Introduction

Outline

This Thesis provides a collection of stress-life (S/N) models for fatigue life evaluation of both pristine and notched metallic components. The document is subdivided into five Chapters, the first being a Literature Overview of fatigue in general, and, in the specific, of the tools needed in the subsequent Chapters. In Chapter 2 the “crack like to blunt” notch transition is adapted to the stress-life approach using the theory of the critical distances, therefore a new S/N curve to model this transition is defined. Chapter 3 relies on the new S/N curve model for variable amplitude fatigue loading by demonstrating that fatigue life assessment under these conditions can be performed through a constant shift of the Wöhler curve if adopting a linear damage accumulation rule. The method is quite general since there is no need of hypothesizing specific constraints on loading history as the shift accounts for mean stress effects, albeit suffering from the weaknesses of the underlying linear damage accumulation rule. The models proposed have been experimentally validated through the SAE Keyhole test program data, publicly available online at https://www.efatigue.com/benchmarks/SAE_keyhole/SAE_keyhole.html.

Chapter 4 discusses the limits of validity of a linear damage accumulation rule, giving special attention to its relationship with crack propagation laws of the generalized Paris type. Specifically, the Chapter proves that supposing a linear damage accumulation exactly corresponds to integrating a power law of the stress and the crack size in the form of Paris’ or Walker’s law. Ergo, this result is valid even for non-zero mean stress, yet neither accounting for load sequence nor for crack closure is considered. Thenceforth, despite some clear limitations, no difference in terms of accuracy is expected between the application of a linear damage accumulation rule vs. integration of a crack growth equation. Finally, Chapter 5 presents an investigation of the advantages in the application of a (maybe more realistic) four parameters S/N curve directly obtained postulating that the two parameters curve corresponds to the first derivative of the former one in its inflection point. The accuracy of the new curve is compared with the former employing an experimental campaign fatigue data on steel and aluminum alloy conducted by the National Advisory Committee for Aeronautics (NACA).

Scope

This work has been conceived to develop fast fatigue tolerance evaluation models for both notched and pristine components under constant, but principally variable amplitude loading. We intended to keep every approach as slender as possible to provide immediate analytical techniques for preliminary fatigue design hence possibly avoiding finite elements model evaluations.
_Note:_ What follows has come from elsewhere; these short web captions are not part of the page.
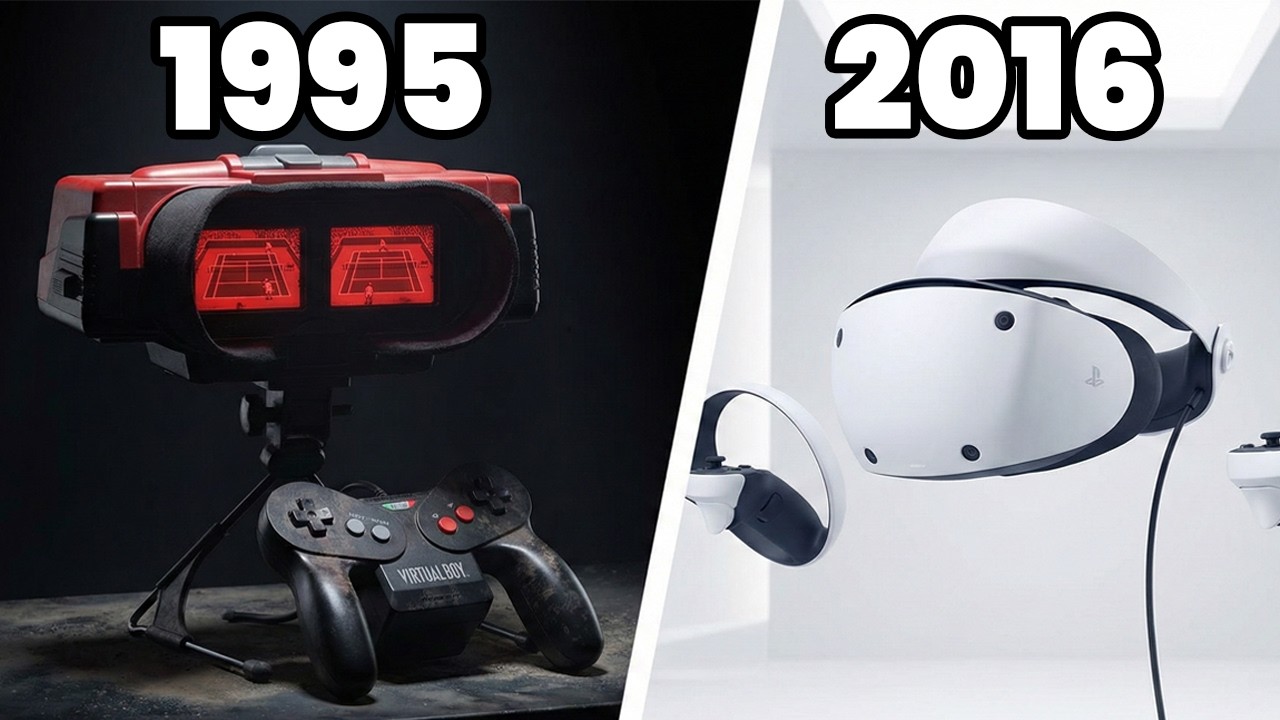 These Gadgets Failed First… Then Dominated the World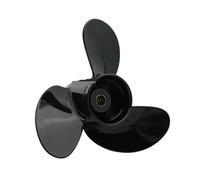 JHXHFJXZ Propeller 8.9x7 Fit Outboard Engines 8HP 9.8HP 9.9HP 12 Tooth Splines 3B2B64514-1 Fit Your Boat Well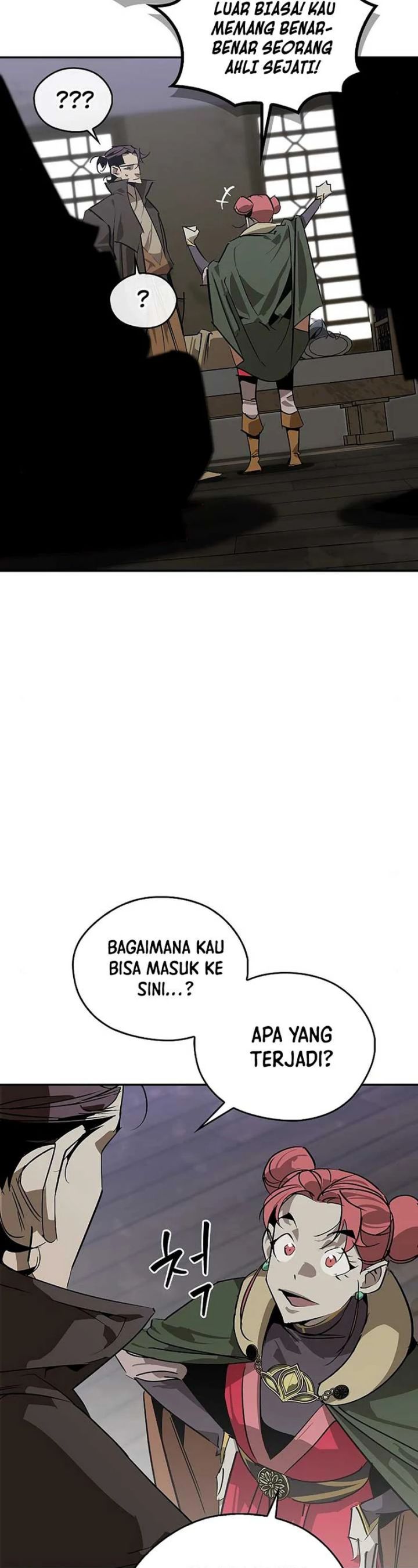 Martial Wild West Chapter 40 Bahasa Indonesia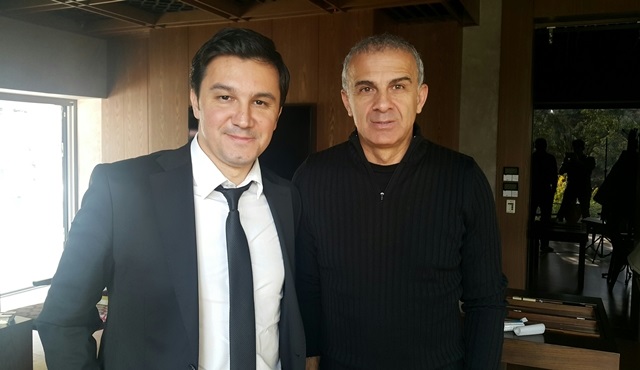 Oğuz Çetin, Güzel Oyun’a konuk oluyor!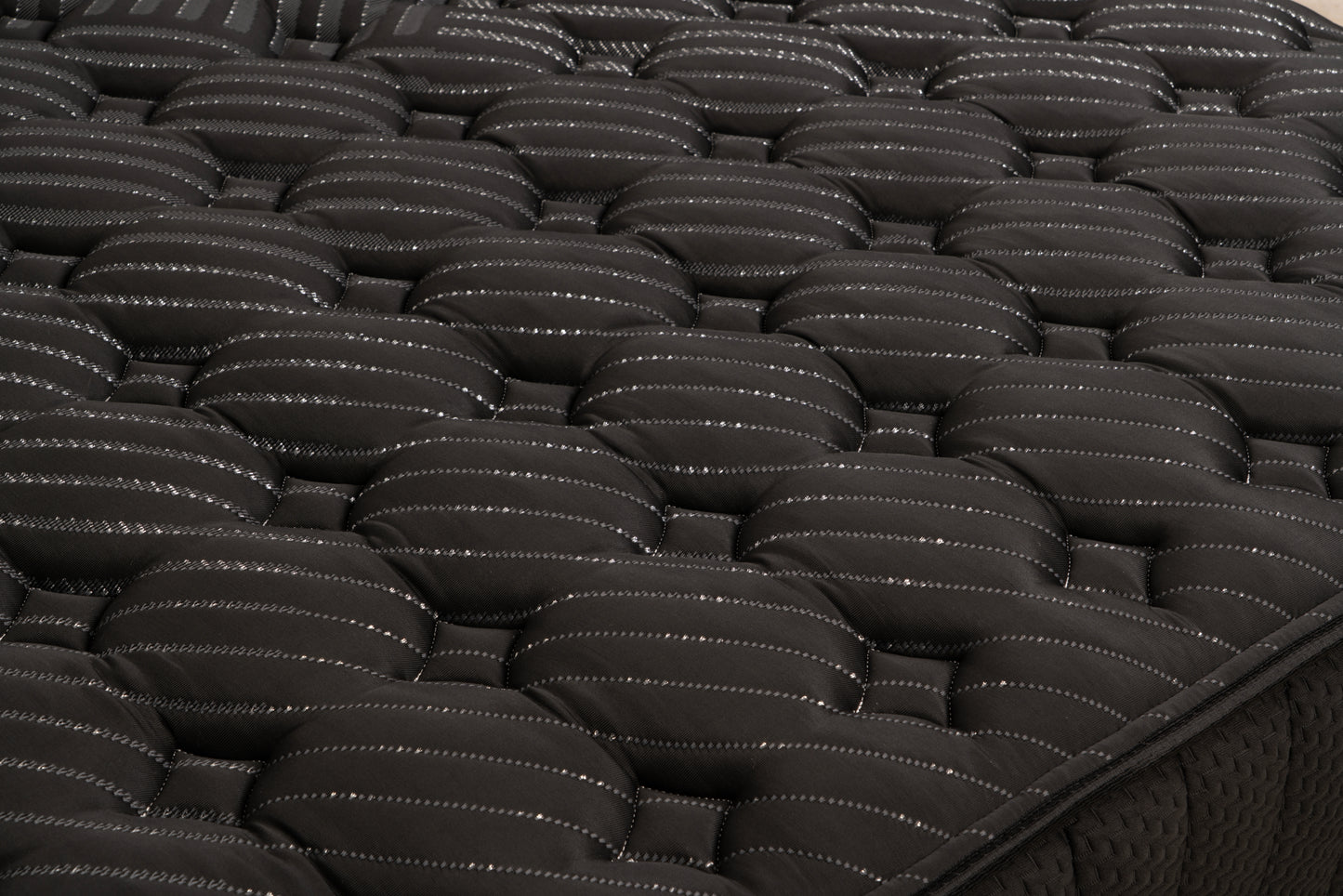 Sage Luxury Hybrid Mattress Natural Latex, Cooling Memory Foam Denver Colorado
All the work is devoted to the concept of practical applicability of the models proposed, both in academia and possibly in industry.

The first part of the work was motivated by the initial observation that Gaßner curves available in Literature seemed to have the same slope as the corresponding Wöhler curves. This was demonstrated to be valid, in principle, in one only limiting case: smooth specimen whose fatigue behavior can be described by a pure power-law S/N curve (no fatigue limit), and with a zero mean stress loading history. So, to gain some generality, we initially extended the model to notched and cracked components, then we focused on the spectrum and demonstrated that the formulation keeps its validity even when generic non-zero mean stress loading histories are applied. Finally, we have been able to introduce the concept of fatigue limit in the discussion by slightly modifying the damage accumulation rule.

In the last part of the work, we focused the attention on a more complicated S/N curve model, yet widely used in industry: Weibull’s law. In this regard, we proposed an analytical model relating this equation with the more common truncated power-law and built a robust and fast-fit of experimental data.